The seeds that eventually grew into this volume were sown in articles I published as long ago as 1966 and 1977. It was in the 1980s that I first had the idea of turning my approach to the so-called pagan reaction into a book, and it was then that I began compiling the information on subscriptions that now fills chapters 12–14 It was also then that I came up with the title, which, as my ideas progressed, has turned out to be more ironic than I originally intended. It would (I suspect) have been a very different book if I had written it then. But I had not yet thought out all the issues to my own satisfaction, and other projects (mostly Greek) beckoned more insistently. Yet I never gave up on the last pagans, and at the turn of the millennium decided that the moment had come to pick up the threads again. The last decade or so has not only seen much important new work, but also the unexpected discovery of important new texts.
I have incorporated radically revised versions of three early articles, and substantially revised and updated the unpublished drafts of chapters 12–14 I more than once toyed with the idea of publishing the material on subscriptions separately, but in the end decided that, despite their bulk, they formed an essential part of the argument of Last Pagans, a perspective that would have been lost in a separate publication. All the rest has been written in the last few years. Chapters 17–18 were added at a late stage, provoked by the continuing emphasis in recent continental scholarship on the entirely lost (and surely trivial) history of Nicomachus Flavianus. At first I thought of publishing them separately, but given the ever increasing importance accorded this history in modern writing on the “pagan reaction,” they too belong in this book.

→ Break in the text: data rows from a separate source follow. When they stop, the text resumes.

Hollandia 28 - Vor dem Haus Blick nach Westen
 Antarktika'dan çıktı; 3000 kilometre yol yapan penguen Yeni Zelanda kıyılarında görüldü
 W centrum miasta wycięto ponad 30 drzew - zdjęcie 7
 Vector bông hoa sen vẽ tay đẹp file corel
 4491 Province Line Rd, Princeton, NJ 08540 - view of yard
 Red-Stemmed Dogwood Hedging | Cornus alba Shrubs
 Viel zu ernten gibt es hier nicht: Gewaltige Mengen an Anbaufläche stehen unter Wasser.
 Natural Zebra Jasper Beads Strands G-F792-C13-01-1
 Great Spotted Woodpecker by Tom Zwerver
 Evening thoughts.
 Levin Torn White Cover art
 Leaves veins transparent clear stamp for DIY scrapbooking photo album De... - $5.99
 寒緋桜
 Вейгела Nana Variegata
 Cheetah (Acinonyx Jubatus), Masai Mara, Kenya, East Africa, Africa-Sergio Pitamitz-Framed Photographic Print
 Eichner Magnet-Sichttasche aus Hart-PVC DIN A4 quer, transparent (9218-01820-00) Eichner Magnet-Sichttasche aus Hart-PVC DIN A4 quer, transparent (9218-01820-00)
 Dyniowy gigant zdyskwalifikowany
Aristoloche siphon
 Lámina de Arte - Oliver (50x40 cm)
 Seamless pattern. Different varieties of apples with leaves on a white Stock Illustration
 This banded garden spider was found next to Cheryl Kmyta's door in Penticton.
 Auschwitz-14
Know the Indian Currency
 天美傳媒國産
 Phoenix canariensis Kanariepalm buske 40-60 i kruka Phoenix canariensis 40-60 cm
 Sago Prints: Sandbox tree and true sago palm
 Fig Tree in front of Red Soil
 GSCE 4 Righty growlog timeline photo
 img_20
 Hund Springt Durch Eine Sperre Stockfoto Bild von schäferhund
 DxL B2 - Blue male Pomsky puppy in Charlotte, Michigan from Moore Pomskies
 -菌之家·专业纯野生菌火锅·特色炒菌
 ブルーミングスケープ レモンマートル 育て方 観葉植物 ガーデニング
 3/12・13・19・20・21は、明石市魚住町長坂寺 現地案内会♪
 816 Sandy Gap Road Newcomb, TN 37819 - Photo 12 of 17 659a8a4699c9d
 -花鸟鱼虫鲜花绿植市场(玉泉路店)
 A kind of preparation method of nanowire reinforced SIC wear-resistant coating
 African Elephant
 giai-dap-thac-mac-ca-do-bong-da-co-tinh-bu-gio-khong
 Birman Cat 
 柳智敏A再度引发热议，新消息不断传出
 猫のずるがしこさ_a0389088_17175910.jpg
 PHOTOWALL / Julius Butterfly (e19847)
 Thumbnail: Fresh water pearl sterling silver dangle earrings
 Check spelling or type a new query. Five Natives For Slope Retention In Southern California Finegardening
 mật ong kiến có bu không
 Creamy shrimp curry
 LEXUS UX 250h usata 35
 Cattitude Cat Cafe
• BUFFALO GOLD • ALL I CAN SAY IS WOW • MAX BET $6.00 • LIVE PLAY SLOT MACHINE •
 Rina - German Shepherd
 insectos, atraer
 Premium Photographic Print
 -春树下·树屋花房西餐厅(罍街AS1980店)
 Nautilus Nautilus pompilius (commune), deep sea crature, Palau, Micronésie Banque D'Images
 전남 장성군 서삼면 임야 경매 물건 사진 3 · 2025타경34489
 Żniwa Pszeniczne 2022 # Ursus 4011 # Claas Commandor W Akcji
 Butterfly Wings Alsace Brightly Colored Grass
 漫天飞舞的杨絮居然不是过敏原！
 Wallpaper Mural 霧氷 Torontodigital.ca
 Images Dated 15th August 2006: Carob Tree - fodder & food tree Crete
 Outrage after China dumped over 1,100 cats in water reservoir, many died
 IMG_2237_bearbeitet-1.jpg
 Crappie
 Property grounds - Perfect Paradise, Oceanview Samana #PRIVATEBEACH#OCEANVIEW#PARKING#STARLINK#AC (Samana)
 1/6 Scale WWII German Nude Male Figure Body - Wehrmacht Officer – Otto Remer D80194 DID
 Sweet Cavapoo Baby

My debt to the published work of Alföldi, Barnes, Bloch, Brown, Chastagnol and Paschoud (among many others) will be obvious. Many friends have sent me books and offprints, supplied information, commented on drafts or discussed problems with me over many years. I think particularly of Tim Barnes, Glen Bowersock, Christopher Jones, Franca Ela Consolino, Bob Kaster, Arnaldo Marcone, John North, Lellia Cracco Ruggini, Rita Lizzi Testa, Michele Salzman, Peter Schmidt, and Jim Zetzel. I am especially grateful to Michele for organizing a symposium on my views in May 2008 (and to Carmela Franklin for hosting it at the American Academy in Rome); and to Tim for generously taking the time to give the entire penultimate version of the manuscript a thorough critical reading, saving me from many errors.